Here you specified that the precondition is that Element and Face objects are created in a Grid object with the elements of the container referring to the same Grid containers, therefore the lifetime of all three containers (points, elms and faces) is the same.
Now you have to consider two cases.
Semi-immutable points
In this case, points is guaranteed to never invalidate references to its elements (eg. it's never modified).
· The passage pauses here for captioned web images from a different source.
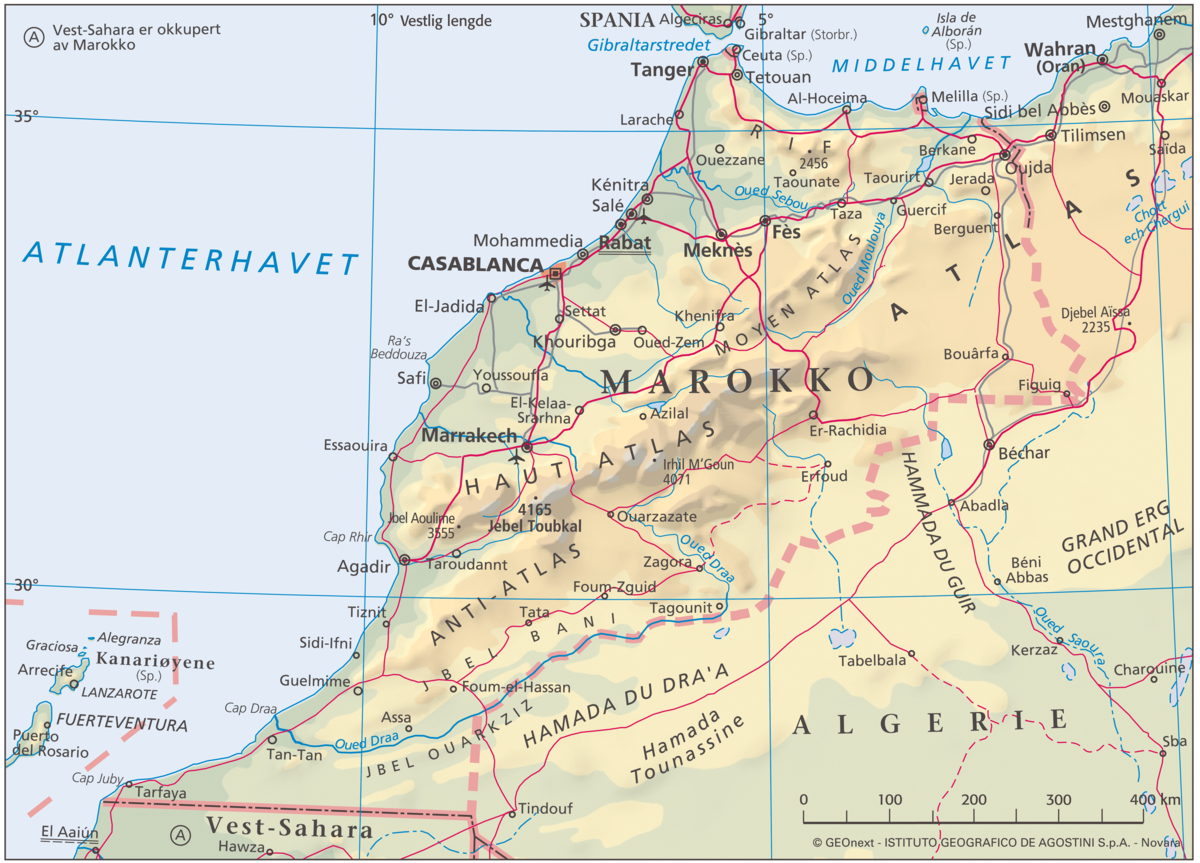 Marokko (hovedkart)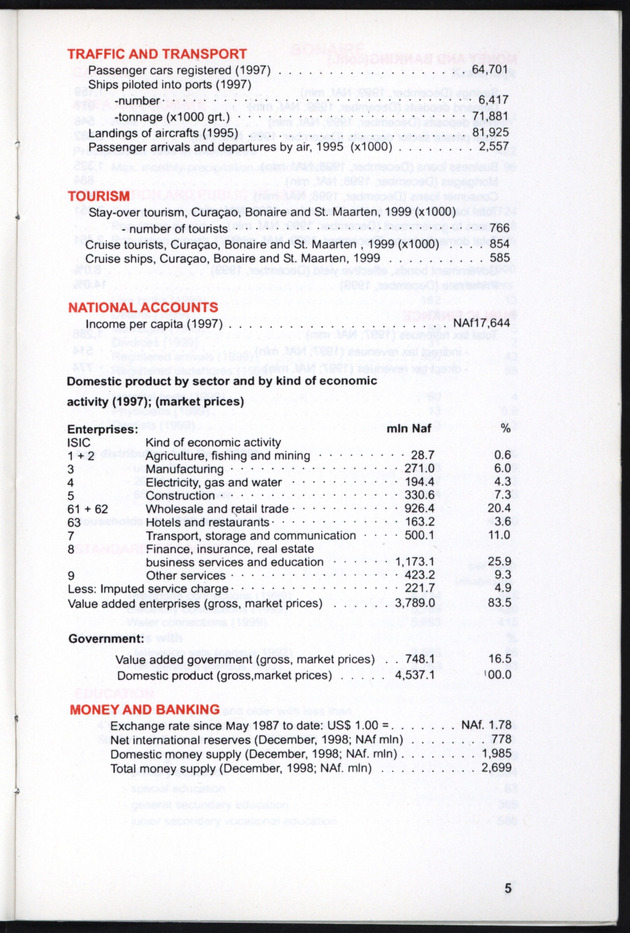 STATISTICAL ORIENTATION 2000 - Page 5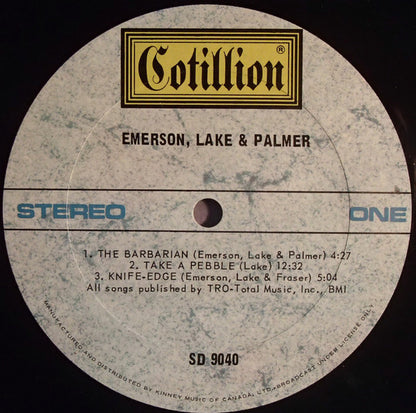 Emerson, Lake & Palmer - secondary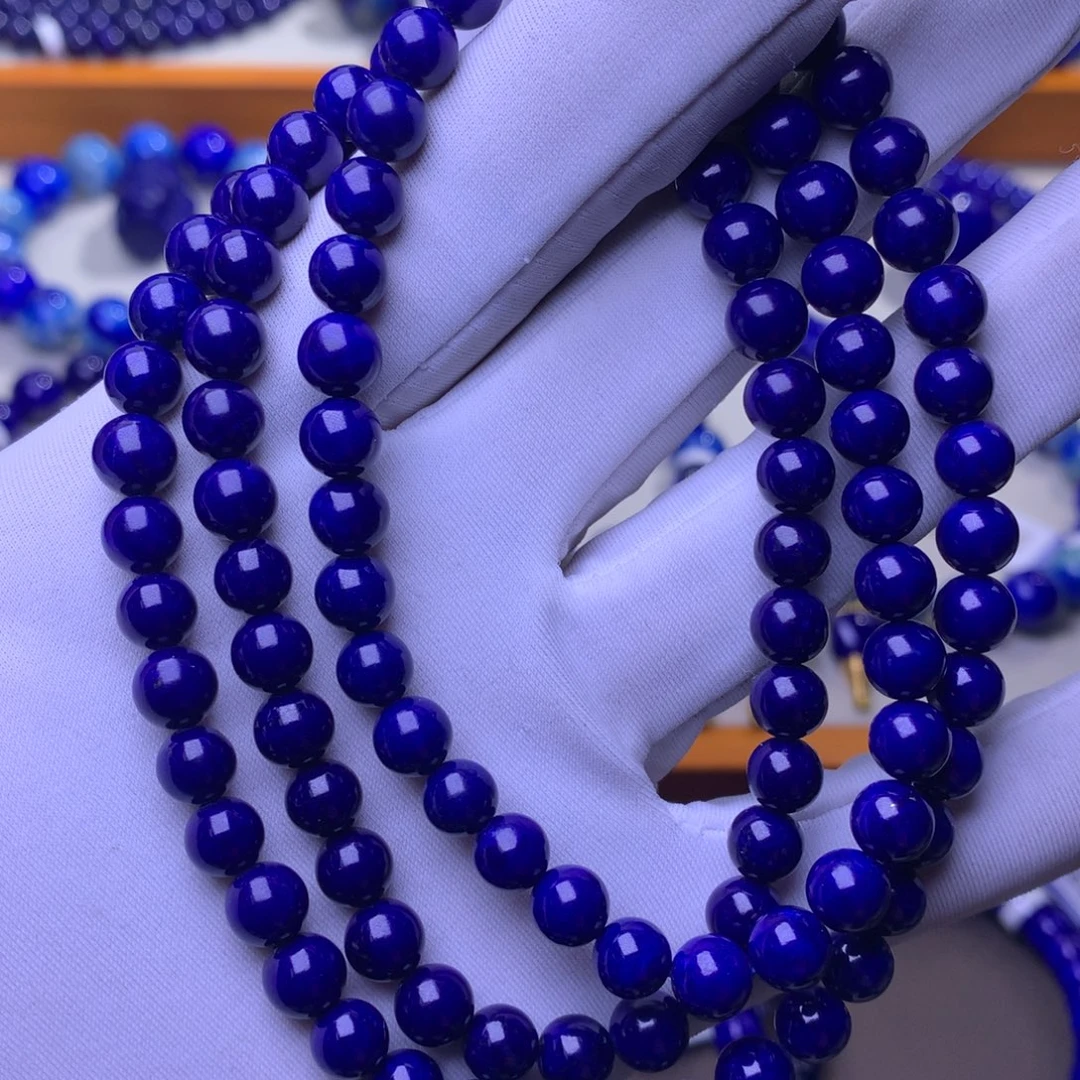 青金石未镶嵌手串6.8mm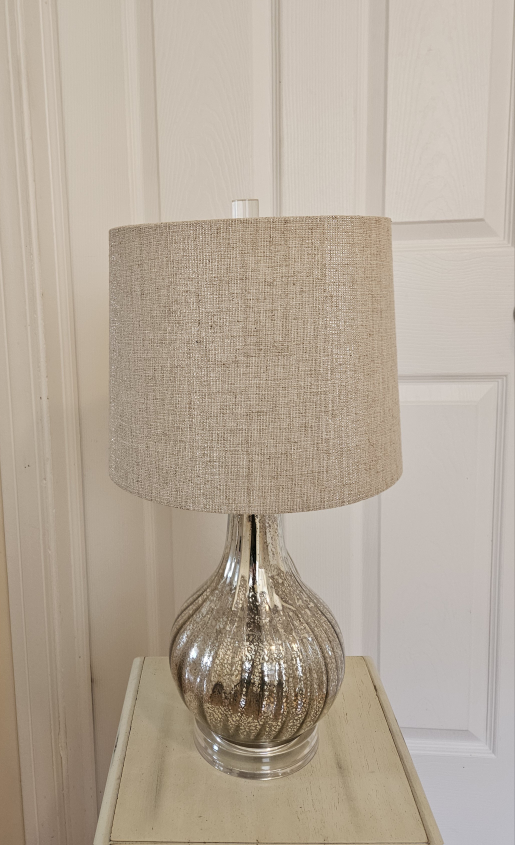 Silver Mercury Glass Table Lamp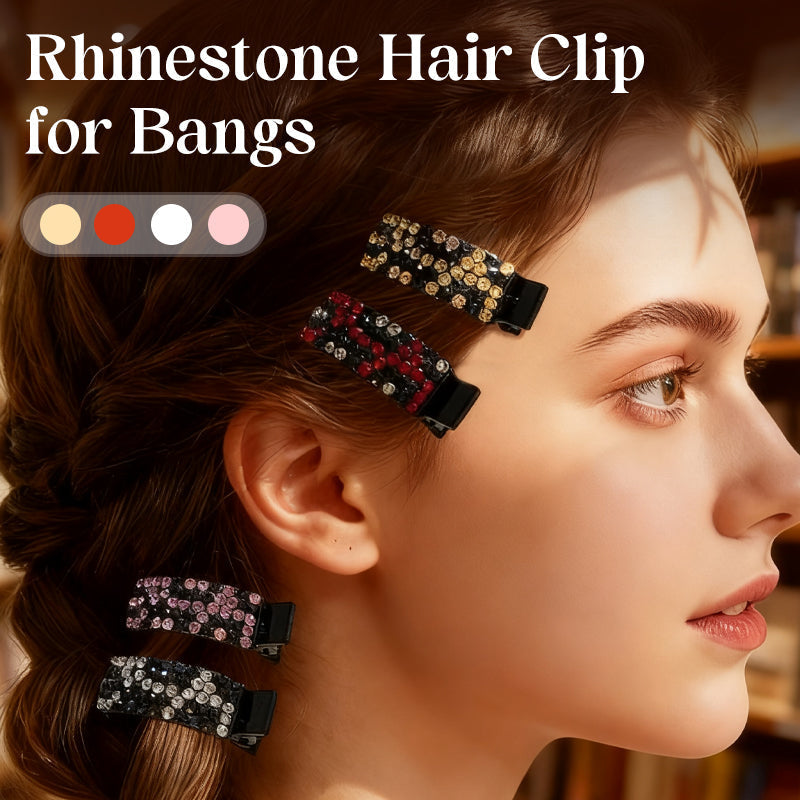 💕Black Friday Limited-Time Offer💕 Rhinestone Hair Clip for Bangs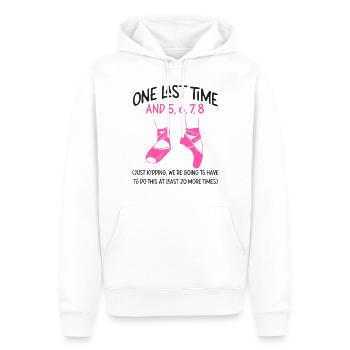 Ballet Dancer Dance Girl Ballerina - Männer Premium Bio Hoodie - Weiß - Vorne - Nico (187cm)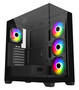 FSP M340-BA Black Mid Tower ATX Case, T/G Side Panels, NO PSU
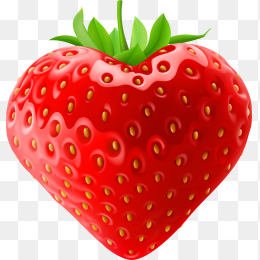 一颗爱心草莓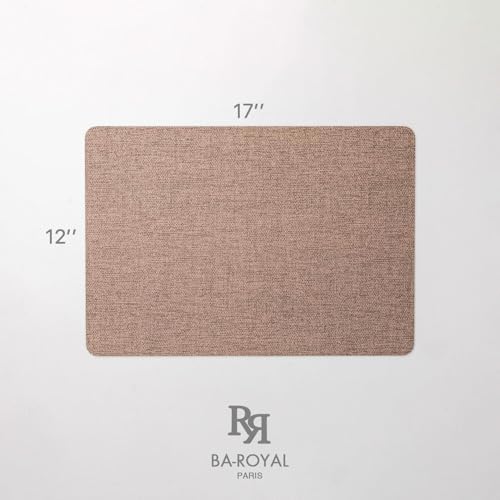 Baroyal Faux Leather Placemats Set of 6 Vinyl Washable Wipeable Table Mats for Kitchen Dining Table Heat Resistant Waterproof Modern Indoor/Outdoor Placemats Non-Slip Easy Clean Place Mats (Cocoa) - color: C-cocoa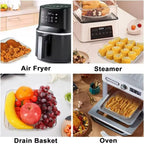 Galler för airfryer i rostfritt stål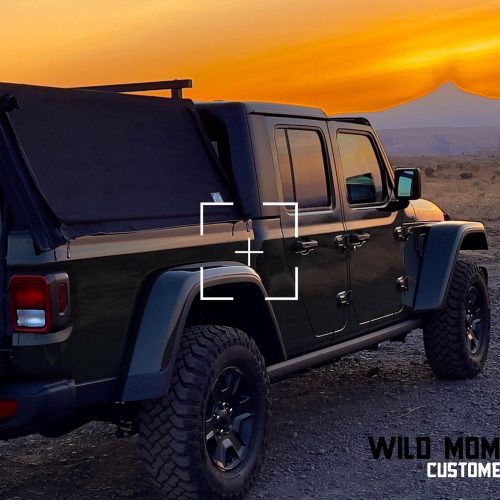 wildtop soft camper shell wildtop jeep gladiator bed cap 2020 current 5ft 60 3 in 42363939455189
Here you don't need any smart pointers, you can just use a simple std::reference_wrapper as follows:
struct Vector3
{
std::vector<double> dim;
Vector3 () : dim(3) {}
};
template<class Type>
using ref_vec = std::vector<std::reference_wrapper<Type>>;
struct Element { ref_vec<Vector3> points; };
struct Face { ref_vec<Vector3> points; };
struct Grid
{
std::vector<Vector3> points;
std::vector<Element> elms;
std::vector<Face> faces;
};
Another solution, non equivalent to your example (elms and faces don't have direct access to the Vector3 object) might be to use indexes:
struct Vector3
{
std::vector<double> dim;
Vector3 () : dim(3) {}
};
struct Grid
{
struct Element { std::size_t point_indices; };
struct Face { std::size_t point_indices; };
std::vector<Vector3> points;
std::vector<Element> elms;
std::vector<Face> faces;
};
That is, you store the indices of points.
Mutable points
If the operations performed on points can invalidate references, then you might want to consider another container that does not invalidate references/pointers/iterators to the element.
For example std::deque guarantees the validity of references for deletion/insertion at the beginning and end of the container.
Once you have chosen the correct container you can just apply the same ideas as above.